Who’s being targeted now?
The DOJ’s June memo lists 10 potential grounds for denaturalization, including having links to terrorism, gangs, or cartels; committing fraud against the government or individuals; and “any other cases” deemed “sufficiently important to pursue.” Immigration experts and former officials warn that the memo is so broad that it could be used to denaturalize Americans for minor infractions, such as an underpayment of taxes. Rep. Andy Ogles (R-Tenn.) has argued that Mamdani should be denaturalized for writing rap lyrics that, he said, suggest support for Hamas.

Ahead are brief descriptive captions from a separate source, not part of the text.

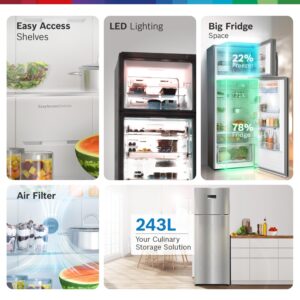 Bosch 243L 3 Star Frost Free Refrigerator, Convertible(CTC27S031I, Silver Inox))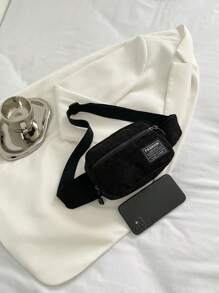 纯色灯芯绒帆布简约风格多功能迷你斜挎包/单肩包，时尚休闲旅行钱包带手机袋，适合女士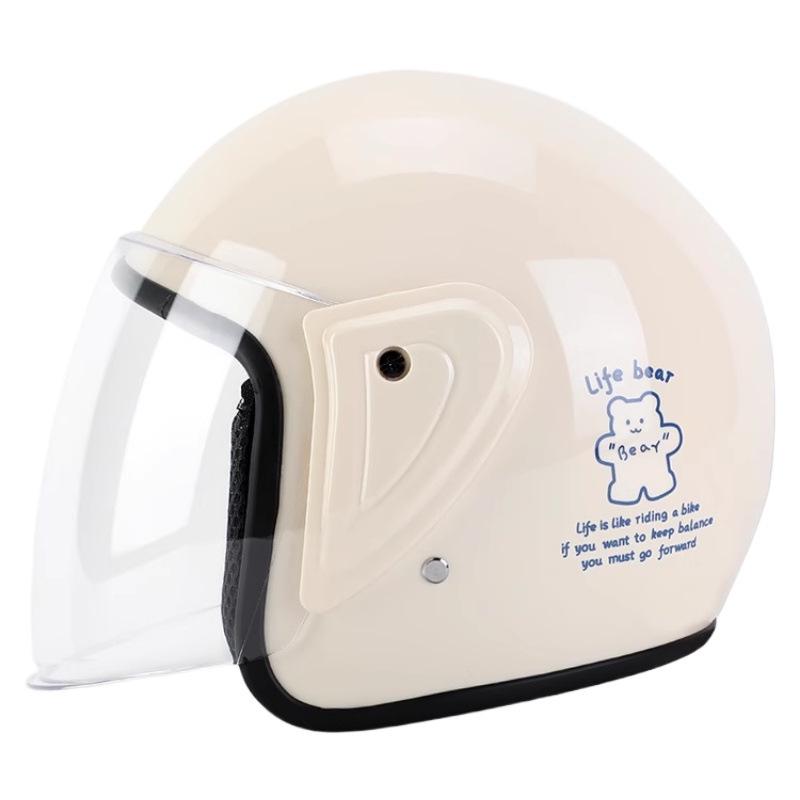 Universal 3C Certified Motorcycle Helmet for All Seasons - Cute, Safe, Sun-Protected, Unisex Half Helmet for Summer and Fall/Winter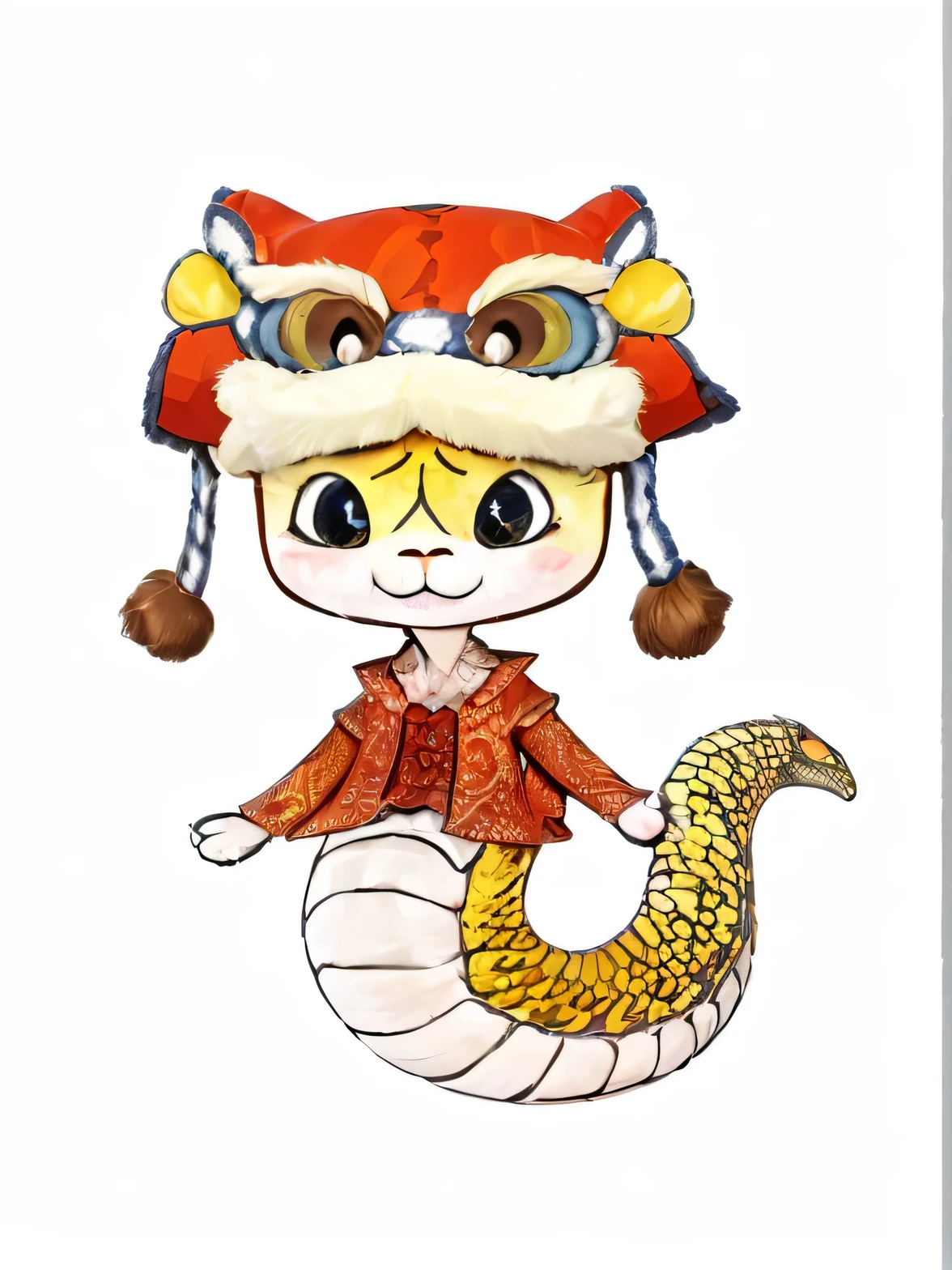 (Extremely detailed wallpaper),(masterpiece), (best quality), (Super detailed), (Best Illustration),(The best shadow)Blank background,Color matching close to the original painting: Nian Beast hat and red top,Snake face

Immigration lawyers say such an argument is unlikely to succeed in court, because in civil denaturalization cases the government has to show “clear, convincing, and unequivocal evidence which does not leave the issue in doubt.” Playing a “game of gotcha with naturalization applicants isn’t going to work,” said Jeremy McKinney, former president of the American Immigration Lawyers Association. But he notes that simply threatening denaturalization can “create a climate of panic and anxiety and fear” in which naturalized critics of the Trump administration may think twice before speaking up. “They’re doing that very well,” said McKinney. “So, mission accomplished in that regard.”

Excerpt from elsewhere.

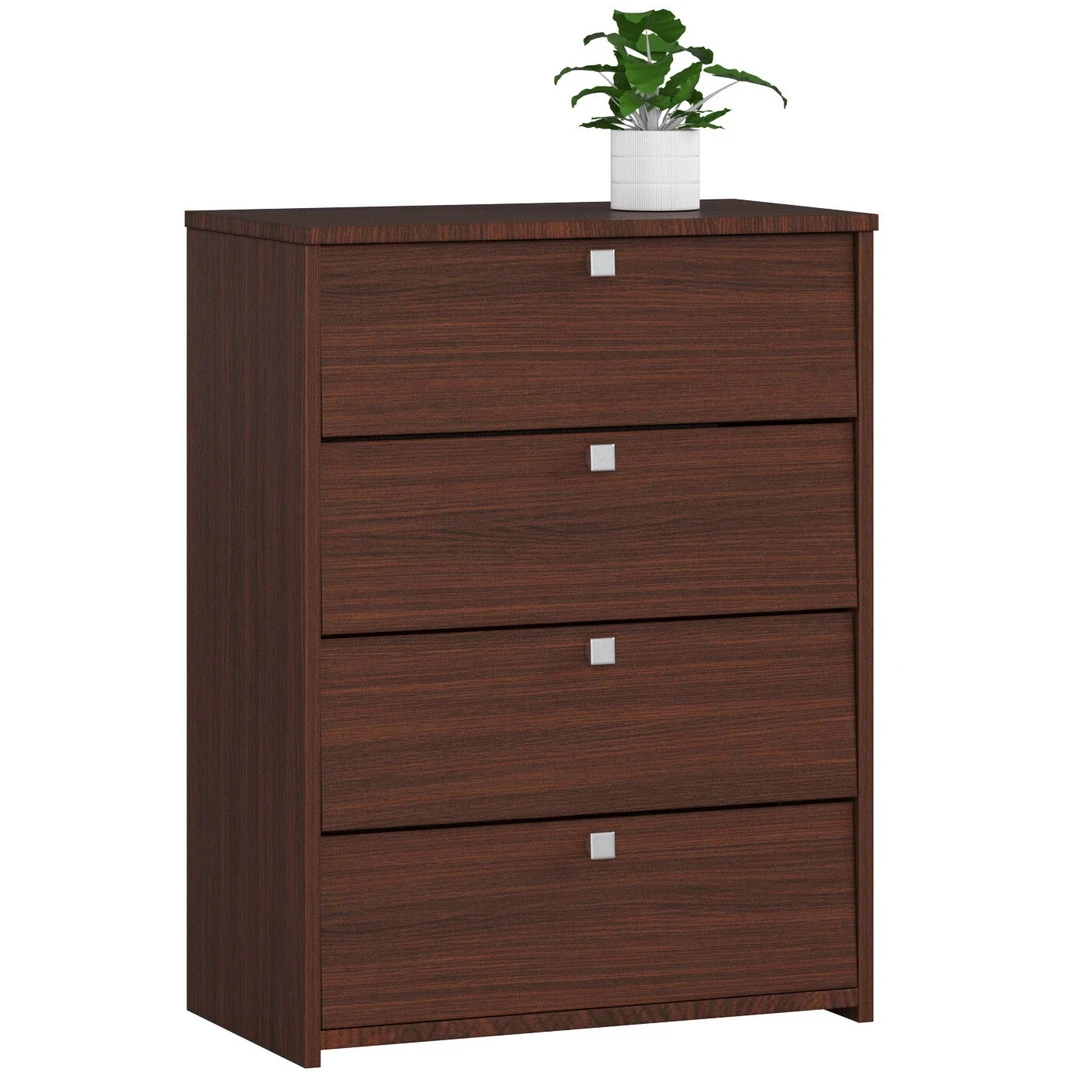 Įspūdinga wenge spalvos batų spintelė su keturiais stalčiais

Denaturalized for political beliefs
The idea of using denaturalization to root out supposedly un-American behavior has a long but not always successful history. In 1939, the U.S. government sought to revoke the citizenship of Russia-born William Schneiderman, then secretary of the Communist Party’s California branch. Officials alleged Schneiderman’s citizenship had been obtained through fraud, since he could not have pledged to support the Constitution—as naturalization law required—while simultaneously belonging to a party that advocated revolution. A federal court agreed and Schneiderman was denaturalized. The case was successfully appealed to the Supreme Court by Wendell Willkie, the 1940 Republican nominee for president, and in 1943 the justices ruled that Schneiderman had not acted fraudulently; the citizenship application didn’t ask if he was a Communist, so he could not have lied. The justices also stressed that the First Amendment protects freedom of thought, including political beliefs, setting a precedent that could become relevant if Trump acts on his threats. “The constitutional fathers, fresh from a revolution, did not forge a political straitjacket for the generations to come,” wrote Justice Frank Murphy.